You may also be interested in CCNA 200-301 study notes.

IPv6 address representation in RFC 5952

In IPv6 Part 1, Introduction to IPv6 for the CCNA, and IPv6 Part 2, Configuring IPv6 addresses using EUI-64, we did not adhere to a specific industry standard regarding how we write IPv6 addresses. From now on, we will try to adhere to the RFC 5952 standard (“A Recommendation for IPv6 Address Text Representation”) when representing IPv6 addresses.

Here are the four key IPv6 address representation requirements according to RFC 5952.

1) Remove leading 0s from the quartets of the address. 

2001:0db8:0000:0001:0f2a:4fff:fea3:00b1

→ 2001:db8:0:1:f2a:4fff:fea3:b1

2) Shorten the longest string of all-0 quartets using the double colon. If there is just a single all-0 quartet, do not use the double-colon. 

2001:0000:0000:0000:0f2a:0000:0000:00b1

→ 2001::f2a:0:0:b1

3) If there are two equal-length choices for the double colon, use the double colon to shorten the one on the left. 

2001:0db8:0000:0000:0f2a:0000:0000:00b1

→ 2001:db8::f2a:0:0:b1

4) Write hexadecimal characters using lower-case (a, b, c, d, e, and f), not upper-case (A,B,C,D,E, and F).

IPv6 header

Here is a brief explanation of the IPv6 header and its fields. It is doubtful you will get any direct questions about the IPv6 header on the CCNA exam. But this is good foundational knowledge for network engineers.

Let’s briefly compare the IPv4 header with the IPv6 header.

Here is the IPv4 header. 

And here is the IPv6 header. Notice how the IPv6 header is less cluttered compared to the IPv4 header. 

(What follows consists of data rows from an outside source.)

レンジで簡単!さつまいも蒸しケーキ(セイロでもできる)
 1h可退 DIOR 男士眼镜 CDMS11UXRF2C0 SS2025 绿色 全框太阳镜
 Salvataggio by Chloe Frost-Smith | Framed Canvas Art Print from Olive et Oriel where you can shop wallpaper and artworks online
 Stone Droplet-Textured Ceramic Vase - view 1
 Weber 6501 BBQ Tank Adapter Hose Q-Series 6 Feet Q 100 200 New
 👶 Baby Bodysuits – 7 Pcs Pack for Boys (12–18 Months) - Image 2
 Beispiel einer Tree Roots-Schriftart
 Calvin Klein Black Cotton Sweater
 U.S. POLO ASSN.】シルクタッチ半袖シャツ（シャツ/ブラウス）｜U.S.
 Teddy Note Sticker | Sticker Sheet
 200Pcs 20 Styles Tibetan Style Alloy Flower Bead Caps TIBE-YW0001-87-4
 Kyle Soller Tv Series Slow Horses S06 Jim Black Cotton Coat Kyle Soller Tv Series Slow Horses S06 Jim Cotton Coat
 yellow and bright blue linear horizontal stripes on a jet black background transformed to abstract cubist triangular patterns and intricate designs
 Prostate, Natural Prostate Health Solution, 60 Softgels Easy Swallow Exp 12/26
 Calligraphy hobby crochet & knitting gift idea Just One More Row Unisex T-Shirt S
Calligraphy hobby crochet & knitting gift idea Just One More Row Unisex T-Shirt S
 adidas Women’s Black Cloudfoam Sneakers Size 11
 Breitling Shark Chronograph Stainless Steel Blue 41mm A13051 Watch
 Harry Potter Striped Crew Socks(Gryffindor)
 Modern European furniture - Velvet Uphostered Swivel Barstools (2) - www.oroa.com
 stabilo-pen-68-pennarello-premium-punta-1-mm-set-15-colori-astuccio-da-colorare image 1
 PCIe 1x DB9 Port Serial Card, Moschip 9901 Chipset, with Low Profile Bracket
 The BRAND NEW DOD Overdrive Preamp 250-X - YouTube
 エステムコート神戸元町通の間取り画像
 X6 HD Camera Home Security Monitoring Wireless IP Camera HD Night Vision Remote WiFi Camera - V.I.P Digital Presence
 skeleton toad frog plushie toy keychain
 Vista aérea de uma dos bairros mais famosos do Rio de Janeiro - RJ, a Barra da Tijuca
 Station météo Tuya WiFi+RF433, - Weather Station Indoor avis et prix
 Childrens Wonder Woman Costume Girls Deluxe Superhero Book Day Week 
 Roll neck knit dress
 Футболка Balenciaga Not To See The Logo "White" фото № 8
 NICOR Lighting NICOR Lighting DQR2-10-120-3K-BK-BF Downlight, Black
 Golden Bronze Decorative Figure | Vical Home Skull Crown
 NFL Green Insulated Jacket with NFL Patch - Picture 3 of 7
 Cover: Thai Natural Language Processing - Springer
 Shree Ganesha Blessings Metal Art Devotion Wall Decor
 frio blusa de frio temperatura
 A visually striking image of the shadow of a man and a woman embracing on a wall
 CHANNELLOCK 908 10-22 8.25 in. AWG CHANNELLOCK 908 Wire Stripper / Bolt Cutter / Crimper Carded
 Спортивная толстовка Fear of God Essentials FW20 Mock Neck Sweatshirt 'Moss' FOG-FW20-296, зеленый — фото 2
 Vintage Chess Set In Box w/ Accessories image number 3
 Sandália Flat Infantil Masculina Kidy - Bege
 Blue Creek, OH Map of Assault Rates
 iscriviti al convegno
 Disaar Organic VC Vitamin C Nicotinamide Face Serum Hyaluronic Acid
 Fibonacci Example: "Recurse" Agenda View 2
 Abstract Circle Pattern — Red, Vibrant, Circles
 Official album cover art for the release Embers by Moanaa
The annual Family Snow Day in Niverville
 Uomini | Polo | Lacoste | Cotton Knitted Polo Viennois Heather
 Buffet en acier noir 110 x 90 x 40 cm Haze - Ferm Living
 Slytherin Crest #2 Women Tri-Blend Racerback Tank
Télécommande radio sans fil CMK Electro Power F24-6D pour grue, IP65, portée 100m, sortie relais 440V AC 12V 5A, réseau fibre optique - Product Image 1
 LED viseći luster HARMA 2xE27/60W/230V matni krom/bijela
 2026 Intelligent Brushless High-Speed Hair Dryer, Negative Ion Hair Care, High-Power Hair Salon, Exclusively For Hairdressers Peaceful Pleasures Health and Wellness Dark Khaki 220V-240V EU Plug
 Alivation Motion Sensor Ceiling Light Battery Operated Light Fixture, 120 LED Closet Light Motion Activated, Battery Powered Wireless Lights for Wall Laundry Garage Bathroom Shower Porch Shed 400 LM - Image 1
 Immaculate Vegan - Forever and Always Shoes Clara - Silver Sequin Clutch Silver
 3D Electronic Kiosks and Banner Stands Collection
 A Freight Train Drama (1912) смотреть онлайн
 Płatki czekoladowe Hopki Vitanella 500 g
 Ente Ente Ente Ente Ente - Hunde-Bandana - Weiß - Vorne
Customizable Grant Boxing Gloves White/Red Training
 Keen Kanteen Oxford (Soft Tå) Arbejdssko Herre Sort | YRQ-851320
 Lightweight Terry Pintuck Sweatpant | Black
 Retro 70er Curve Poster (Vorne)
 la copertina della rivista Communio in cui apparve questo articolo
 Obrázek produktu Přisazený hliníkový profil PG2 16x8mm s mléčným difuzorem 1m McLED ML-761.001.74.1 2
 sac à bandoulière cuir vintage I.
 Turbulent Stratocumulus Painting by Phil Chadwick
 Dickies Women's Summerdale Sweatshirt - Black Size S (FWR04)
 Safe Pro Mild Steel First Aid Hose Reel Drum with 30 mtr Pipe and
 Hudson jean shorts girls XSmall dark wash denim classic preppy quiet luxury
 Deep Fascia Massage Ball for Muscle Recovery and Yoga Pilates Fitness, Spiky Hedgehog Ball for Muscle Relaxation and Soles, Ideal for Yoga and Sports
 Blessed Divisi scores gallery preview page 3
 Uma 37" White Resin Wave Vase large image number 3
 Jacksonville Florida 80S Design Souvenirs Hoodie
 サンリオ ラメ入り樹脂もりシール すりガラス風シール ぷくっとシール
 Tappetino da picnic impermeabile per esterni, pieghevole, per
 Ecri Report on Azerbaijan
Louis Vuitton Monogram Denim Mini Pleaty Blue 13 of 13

The IPv6 header looks simpler. One thing that makes it simpler is the fact that it has a fixed header format. The IPv4 header has a variable header length, from 20 to 60 bytes. The IPv6 header is always 40 bytes long, regardless of the size of the payload.

The processing of the IPv6 header is much easier for routers, so performance is generally improved. 

*IPv6 header – version

The version field is 4 bits in length. It indicates the version of IP that is used. Because this is IPv6, this field will always be set to 6, or binary 0110, indicating IP version 6. 

*IPv6 header – traffic class

The traffic class field is 8 bits in length. It’s used for QoS (quality of service) to indicate high-priority traffic. For example, IP phone traffic and live video calls will have a traffic class value which gives them priority over other traffic. 

*IPv6 header – flow label

The flow label field is 20 bits in length. It’s used to identify specific traffic flows, which are communications between a specific source and destination, like the interaction between a server and a client downloading a file.

*IPv6 header – payload length

The payload length field is 16 bits in length. It indicates the length of the payload, the L4 segment that is encapsulated in the IPv6 header, in bytes. For example, a value of 1024 in this field would mean that the encapsulated segment is 1024 bytes in length. 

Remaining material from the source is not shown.